‘Alas, poor thing!’

Alas, poor Yorick!’

At the outset, let me proffer my humble apologies to Shakespeare, Hamlet and poor Yorick’s skull, which was Hamlet’s object of profuse sympathy. Yorick was the court jester and, I daresay, was a barrelful of laughs as he and his master downed many a tankard of the blushful Hippocrene at the nearby King & Crown. My current quote is of more recent vintage and can be attributed to the mother of the Leader of the Opposition (LOO) Sonia Gandhi, who was caught on camera saying ‘She could hardly speak, poor thing.’ The present Grande Dame of the Grand Old Party, Sonia Ji was moved to express her heartfelt commiserations in those ill-chosen words to the President of India after a long and presumably tiring speech to open the Budget session at the Lok Sabha prior to Finance Minister Nirmala Sitharaman occupying centre stage. Whether she meant to say the President’s speech was physically tiring to President Murmu, or was found tiresome to Sonia Gandhi and her near and dear ones, we shall never know. Tiring and tiresome. Two words that sound so similar and yet convey very different meanings. Evidently the lady thought she was speaking off the record outside the Parliament’s impressive precincts but you know what they say, ‘Stately columns have ears.’ Off the record, but on tape. Next thing anyone knew, her somewhat innocuous jibe, if indeed it was a jibe, had become a national cause célèbre.

The ruling BJP party, with an eye on the main chance, moved in on Mrs. Gandhi’s remark like a pride of starving lions circling their victim prior to the kill. With the all-important Delhi state elections very much on everyone’s mind, every morsel of opportunity thrown at them had to be snapped up avidly. The Congress Party was already reduced to the margins and viewed as a bit player at the forthcoming hustings, with AAP and the BJP being the perceived frontrunners. This off-the-cuff remark on the President by Sonia Ji was a godsend to the BJP. What is more it might also have spelt the death-knell for the Congress Party as far as the Delhi elections were concerned. Not that they were in with a shout in the first place.
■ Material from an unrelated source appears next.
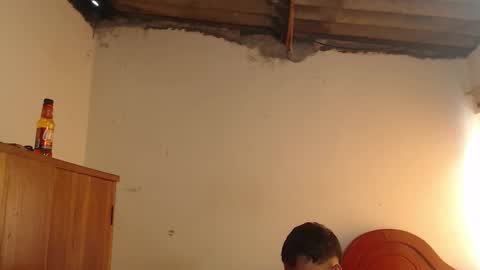 Dylon online show from December 22, 7:00 pm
 It’s all politics, of course. The BJP leaders would have known full well that Mrs. Gandhi did not really mean to throw an insulting broadside at the President. However, why look a gift horse in the mouth when it is handed to them on a platter? That is the way they would have looked at it and who can blame them in our dog-eat-dog world of political backbiting. As for the materfamilias of the Gandhi family, she could have exercised a bit more restraint, seeing as she was confronted by a hostile battery of media scribes and cameras. Her choice of words, probably not meant to wound, came out all wrong. One unguarded moment, one word out of place and there is hell to pay. At least her son, who is quite accustomed to dropping bricks over the years, the remnants to be picked up by his minions, could have advised his mother on the perils of sounding off in front of microphones and cameras. ‘Hot mics’ they are commonly referred to and they can singe, as the lady from Vicenza discovered to her cost. The scion of the Congress Party’s first family was untouched by all the brouhaha. He strutted about in his white tee-shirt, flexing his biceps, with nary a care about the consequences of his mummy’s, possibly unintended, faux pas. As far as Rahul Baba was concerned, it was comme si comme ca, if his French was upto scratch. Just another day at the office.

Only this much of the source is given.